三菱重工業は、2013年10月2〜4日の3日間、東京ビッグサイトで開催されている「危機管理産業展(RISCON TOKYO)2013」に出展。新エネルギー・産業技術総合開発機構(NEDO)の「災害対応無人化システム研究開発プロジェクト」の下、東京電力・福島第一原子力発電所の原子炉建屋内での活用を想定して開発が進められてきた、高所作業用遠隔操作ロボット「MHI-Super Giraffe」(以下、Super Giraffe)の実機を展示。大迫力のデモンストレーションを披露していた(関連記事:オールジャパンで挑む災害対策ロボット開発、実用化への道は?)。
高所作業用に備えるハシゴ部分の最高到達点は高さ8m。ハシゴ部の先端には、マニピュレータが搭載されており、作業用ツール(手先に当たる部分)を付け替えることで、バルブ開閉、パイプ切断、コンクリートサンプルの取得(ボーリング/採取)、除染、コンクリートの強度検査などが行える(ツール部を伸ばすと高さ10〜11mまで到達するという)。展示会場では、バルブ開閉用のツールが取り付けられていた。ちなみに、2本のツノ部分は配管にあてがい反力を受けるためのもので、バルブの開閉自体は中央の突起部で行うそうだ。

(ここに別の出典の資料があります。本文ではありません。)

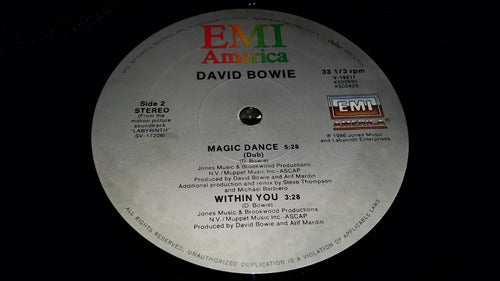 David Bowie Magic Dance (a Dance Mix) Vinilo Maxi Usa 1986 2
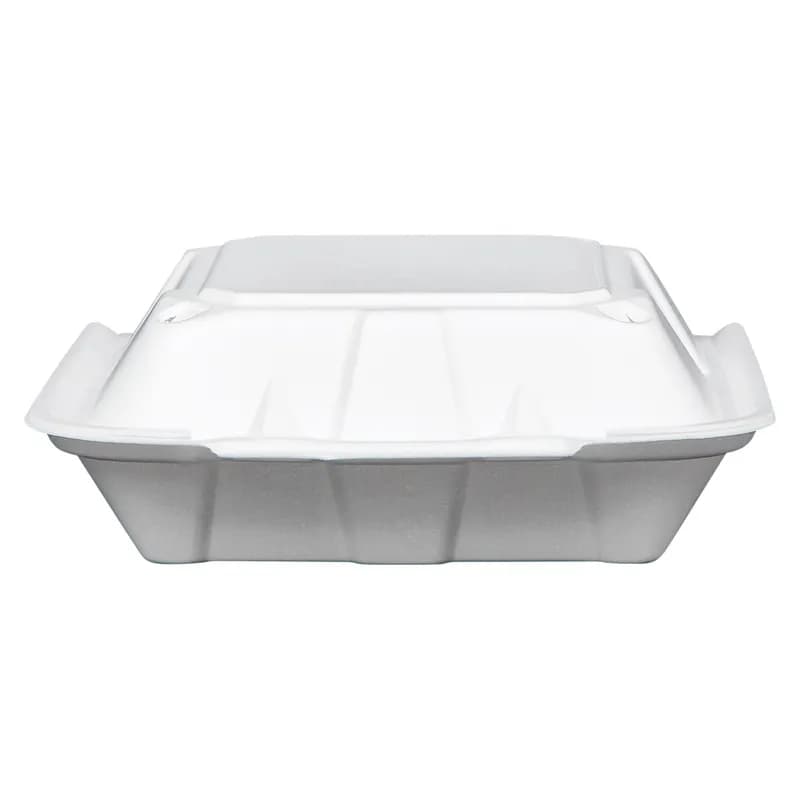 Victoria Bay Take-Out Container Hinged Large (LG) 9X9.1X3.2 IN Foam White Tab-Lock Vented 150/Case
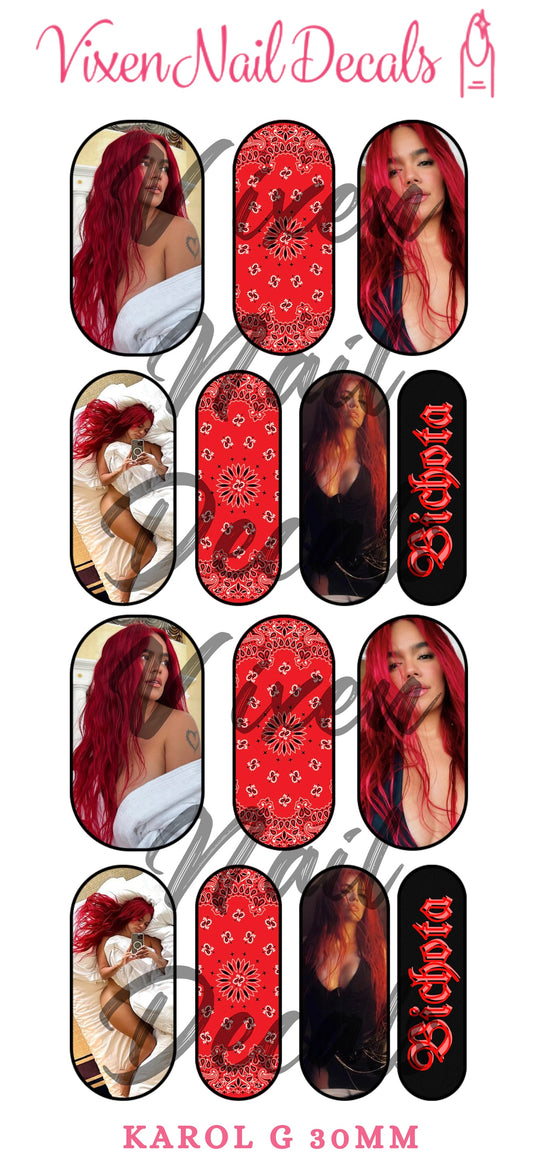 Karol G - Bichota Red Waterslide Nail Decals - Nail Wraps - Nail Designs - Nail Art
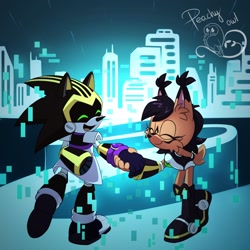 Size: 2048x2048 | Tagged: safe, artist:peachy_owl, nicole the hololynx, shard the metal, lynx, 2023, building, city, duo, female, happy, holding hands, male, nicole x shard, outfit swap, robot, shipping, skyscraper, straight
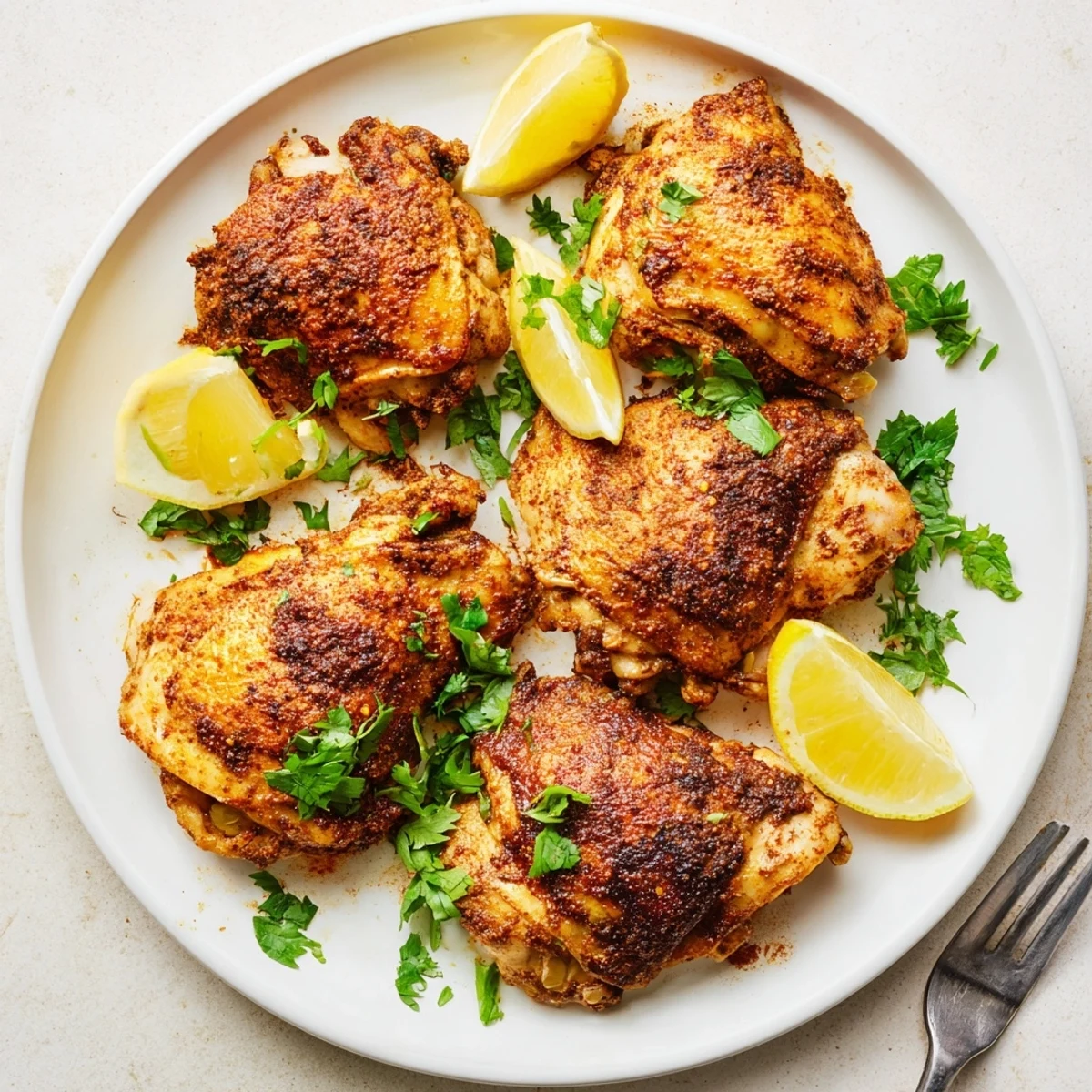 Oven-baked Moroccan spiced chicken thighs plated with couscous and bright citrus garnish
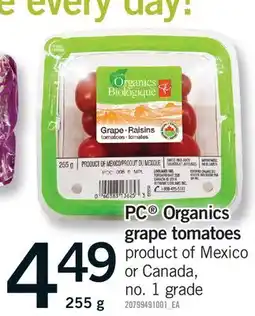 Fortinos PC ORGANICS GRAPE TOMATOES offer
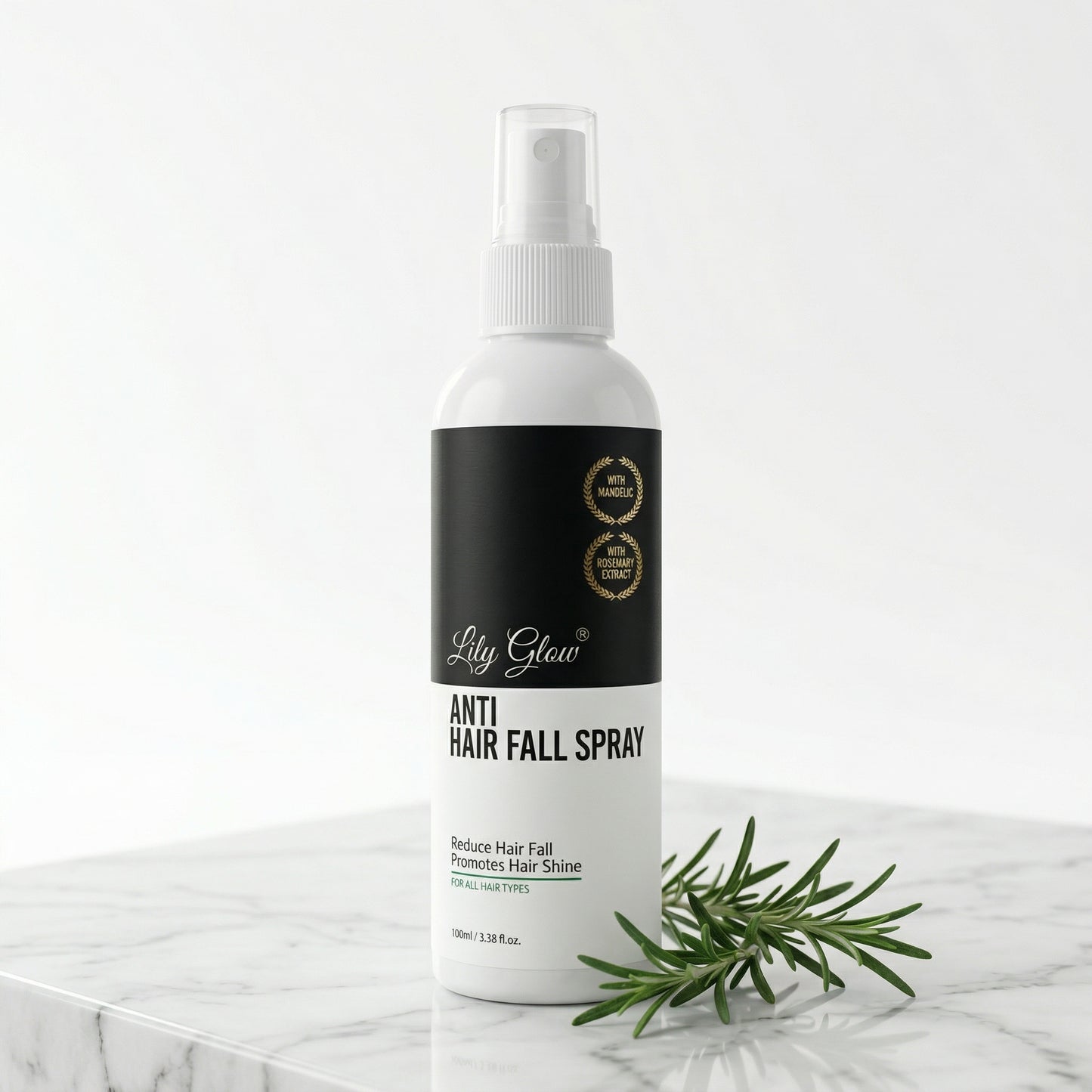 Shop Lily Glow Anti Hair Fall Spray. Infused with Mandelic Acid and Rosemary Extract to reduce hair fall, promote shine, and strengthen all hair types.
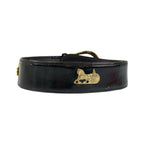 Celine Vintage Carriage 70 cm Black Gold Patent Leather Belt — view 2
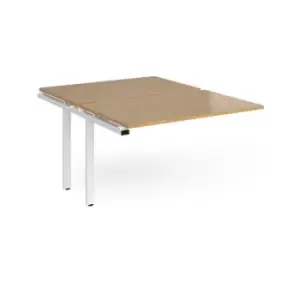 Bench Desk Add On 2 Person Rectangular Desks 1200mm Oak Tops With White Frames 1600mm Depth Adapt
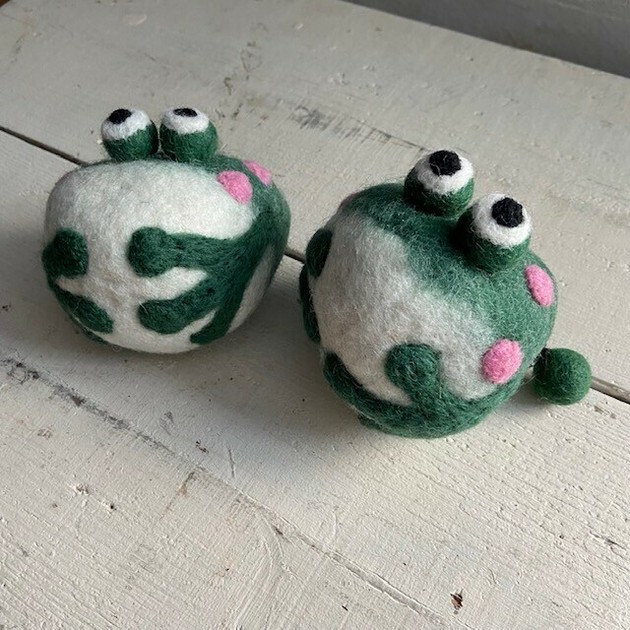 Animal design wool felt zip coin purse Frog 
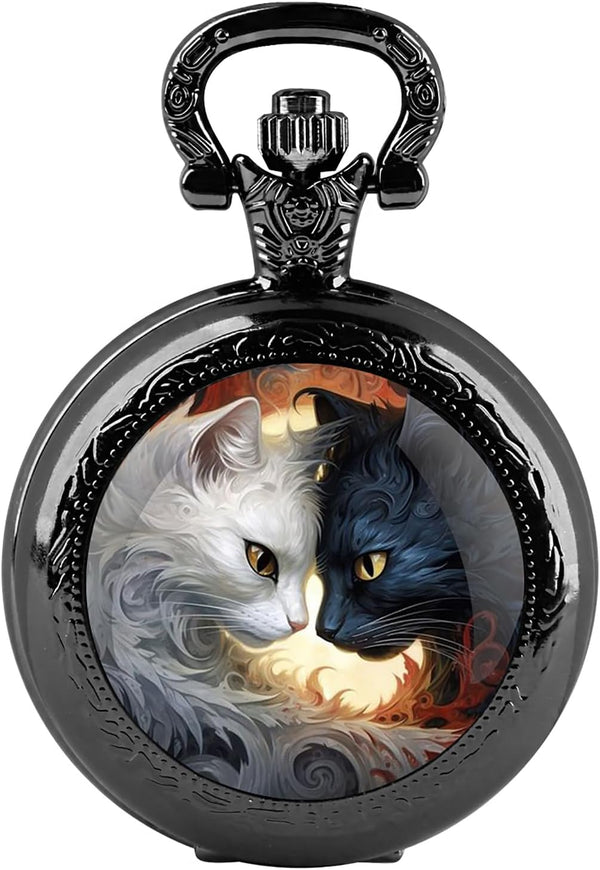 Classic Glass Dome Unisex Arabic Numerals Dial Quartz Pocket Watch Wom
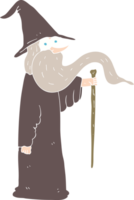 flat color illustration of a cartoon wizard png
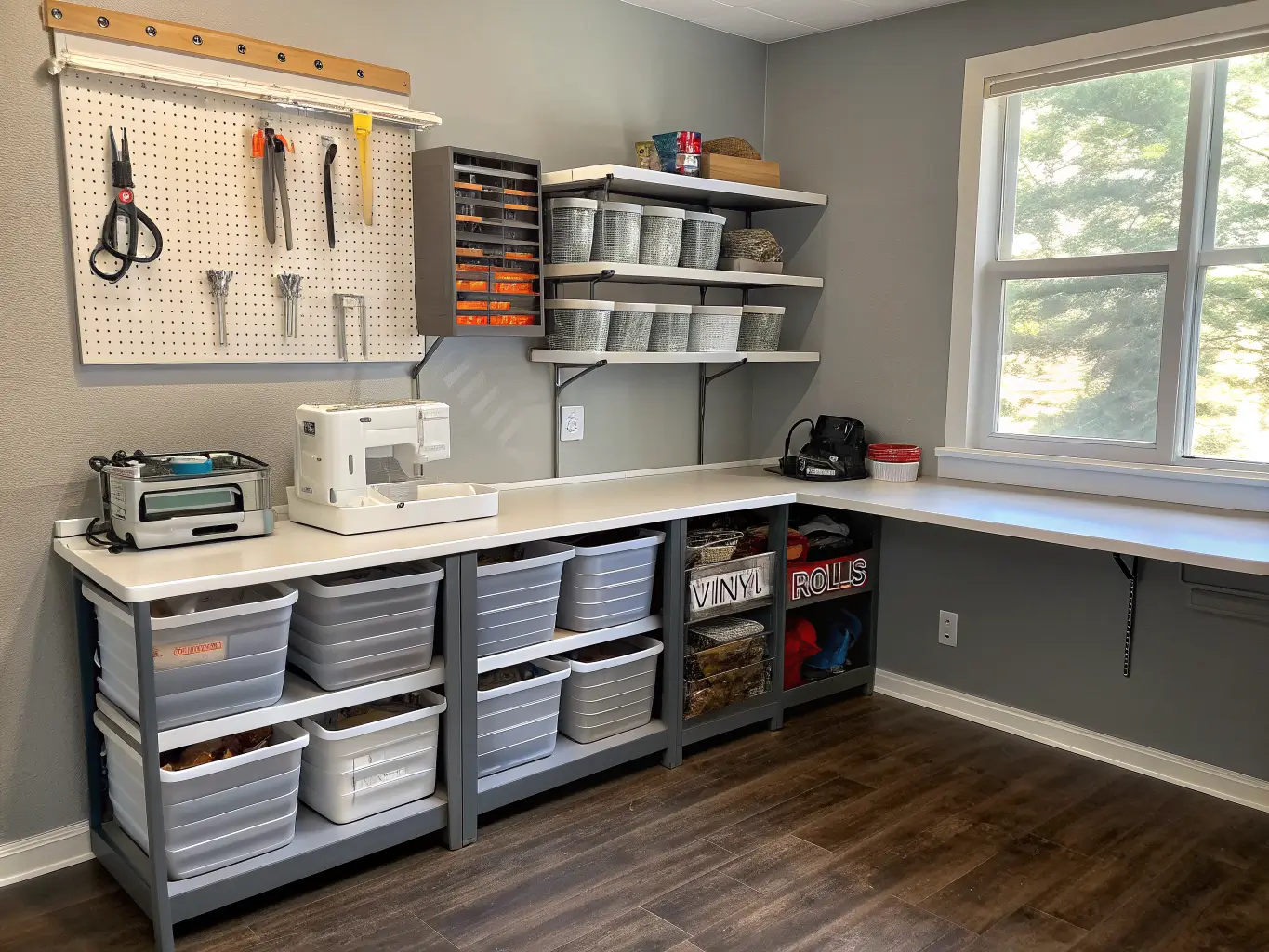 Low wide-angle view of a garage craft station with white steel track shelving holding a sewing machine and fabric bolts, labeled vinyl bins, and a pegboard with tools in late afternoon light.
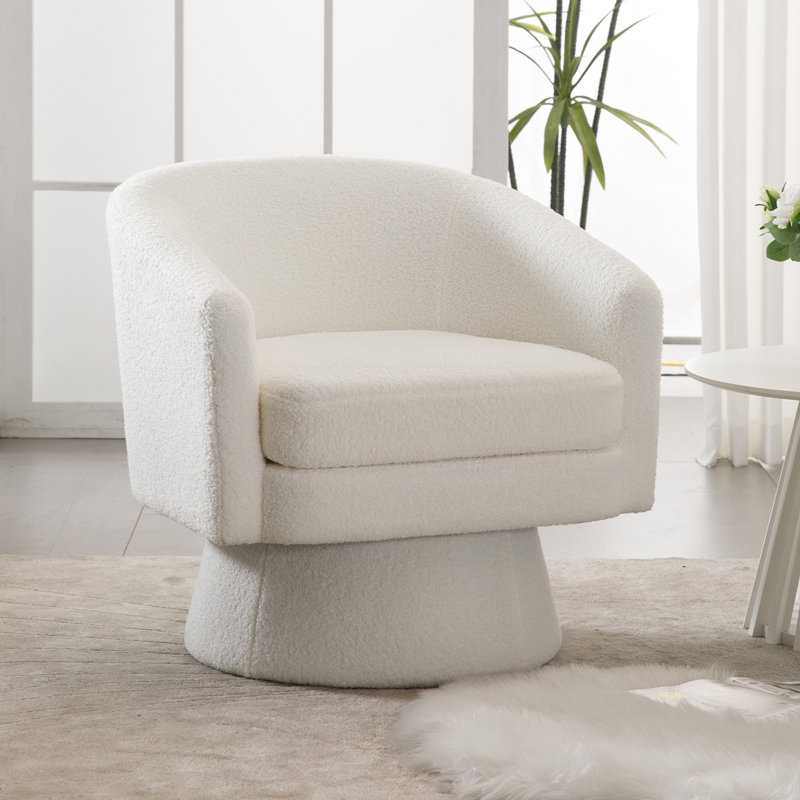 Fauteuil demi-tonneau pivotant à 360 degrés avec coussin amovible, Ourson blanc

外形寸法2350×800×2000mm、重量4tと、非常に大きなSuper Giraffeが活躍するのは、原子炉建屋の1階部分。「NEDOからの仕様に基づき、最も狭い通路(幅約1m)を遠隔操作で通れるようロボットの幅は800mmに、高さも天井が低い部分もあるためハシゴ収納状態で2000mmと決められていた。こうした仕様を守りながら、何とか8mの高さに到達し、作業できるロボットを開発することができた」(説明員)という。
Super Giraffeの操作には、ゲーム用コントローラを使用する。有線ではなく、無線LANでの遠隔操作が可能。現場作業員の操作ミスの防止や習得支援を目的に、基本操作やコンソール画面のUIなどは、災害対応無人化システム研究開発プロジェクトで開発された他のロボットと統一されている。コントローラによる遠隔操作のため、「Super Giraffeには、走行時のアラウンドビュー用カメラ、ハシゴ伸縮用カメラ、マニピュレータ用カメラ、ツール用カメラなど、全部で9つのカメラが搭載されている」(説明員)とのこと。
また、長時間の無線遠隔操作に対応するため、台車部に大容量の二次電池が搭載されている。具体的には、三菱自動車の電気自動車(EV)「i-MiEV」の車載リチウムイオン電池システムをカスタマイズしたものが搭載されている(関連記事:重量4トンの災害対応ロボットを連続5時間稼働、「i-MiEV」の電池システムで実現)。展示会場では、Super Giraffeに搭載されたEVの普通充電コネクタ部も見せてくれた。
現場投入はこれからとのことで、説明員は「恐らく、除染、配管の検査・補修などに使われるだろう。時期としては来年度か再来年度になるのではないか?」と語っていた。報道陣に向けて、災害対応無人化システム研究開発プロジェクトの成果報告が行われたのは2013年2月20日のこと。事態収束のため、一日でも早い実践投入が期待される。